__PROBLEM TO WORK ON__.
Taking the line that contains "Migration emaille mok van Tobe Fonseca" as the start and the last line of the data as the end, repeat exactly every line in that span, but no pictures.

****************

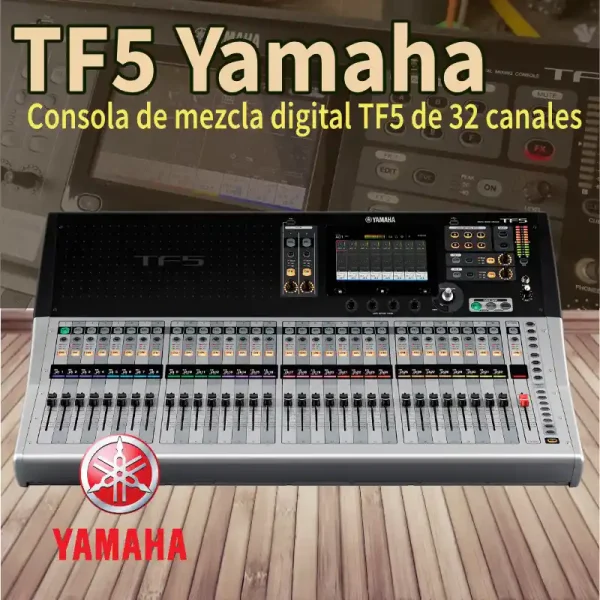 consola de mezcla digital tf5 de 32 canales tf5 yamaha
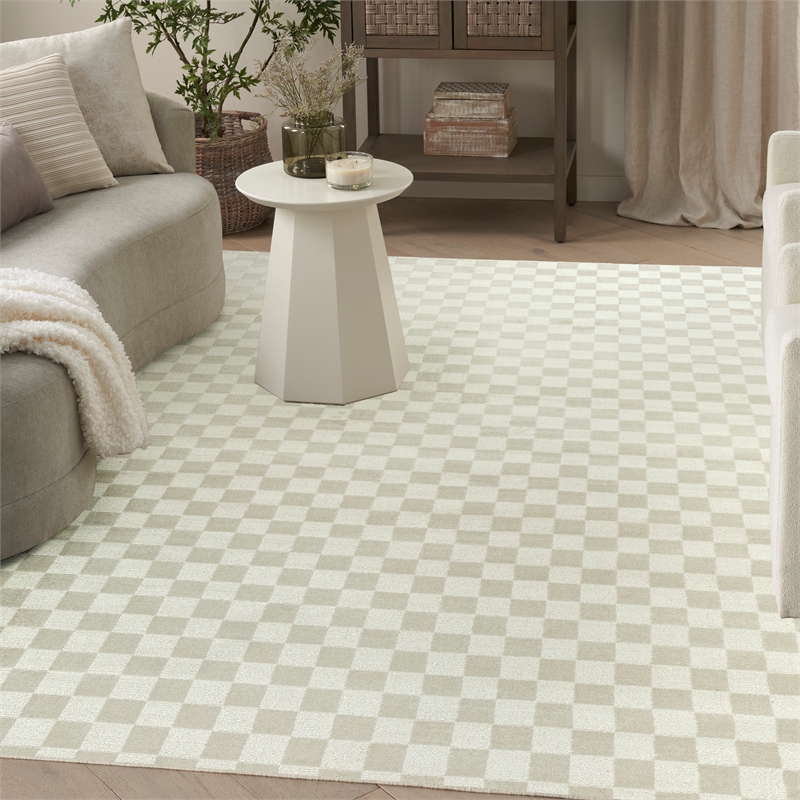 Nourison Serenity Home 9' x 12' Ivory Fabric Area Rug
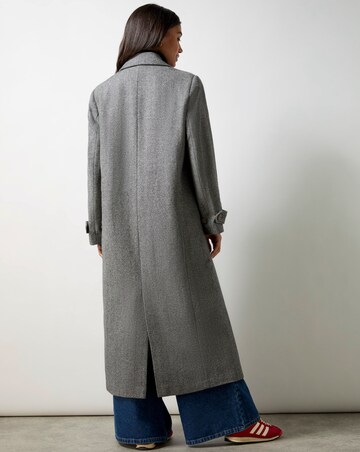 Ro&Zo Herringbone Double Breasted Overcoat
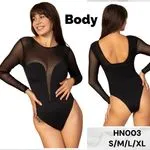 Bodysuit Damski Czarny S/M/L/XL HNO003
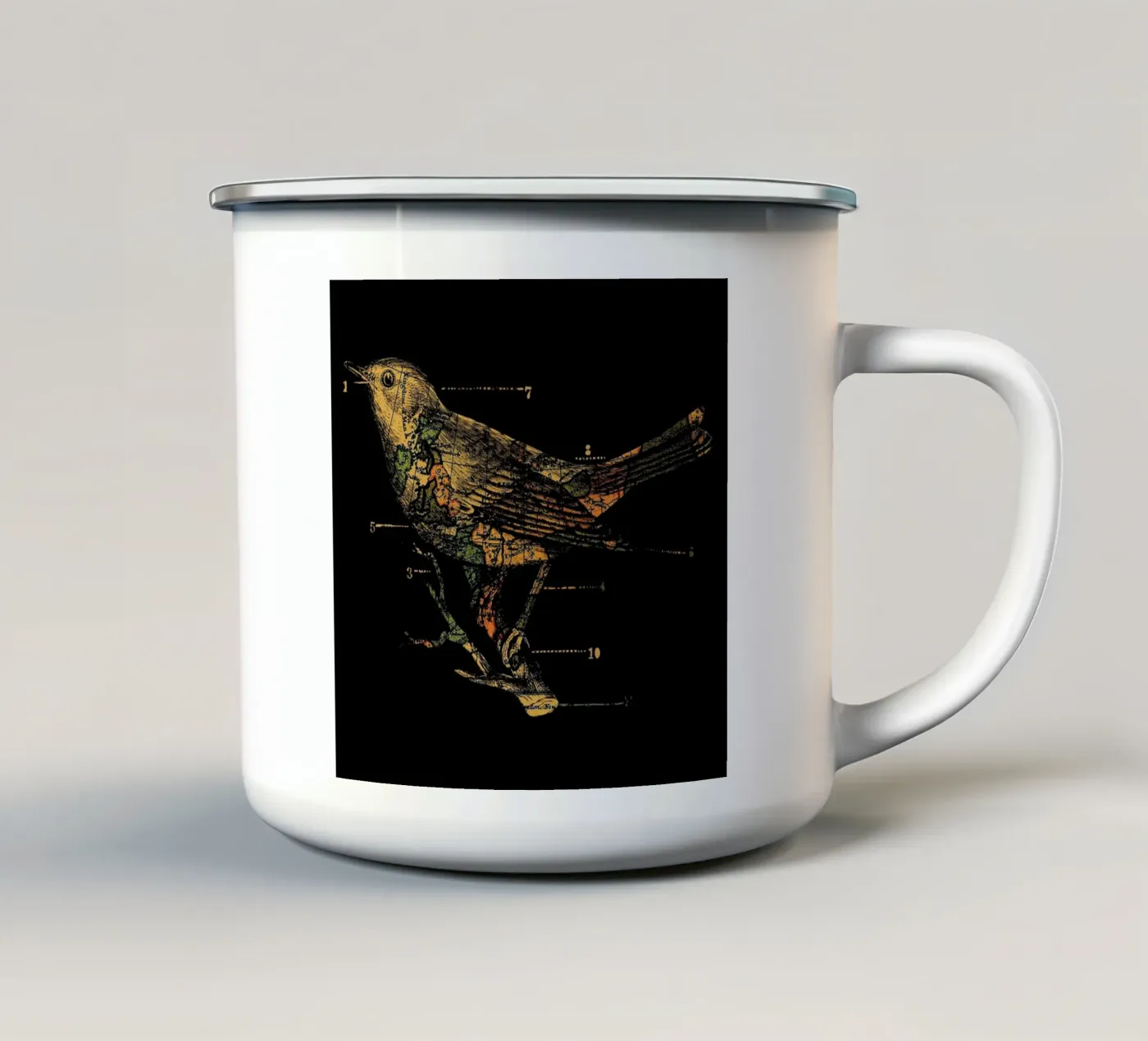 Migration emaille mok van Tobe Fonseca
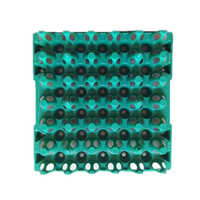 Pp Plastic Egg Trays - Pp Material, 28x28x5 Cm, Green Color | Versatile Storage And Feeder Solution For Kitchen And Catering Use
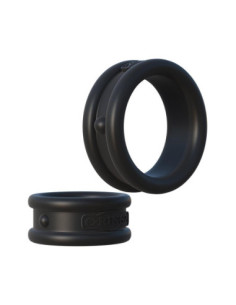 FANTASY C-RINGZ MAX-WIDTH SILICONE RINGS BLACK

****************

__THE COMPLETED TASK__.
 Migration emaille mok van Tobe Fonseca
 Pp Plastic Egg Trays - Pp Material, 28x28x5 Cm, Green Color | Versatile Storage And Feeder Solution For Kitchen And Catering Use
 FANTASY C-RINGZ MAX-WIDTH SILICONE RINGS BLACK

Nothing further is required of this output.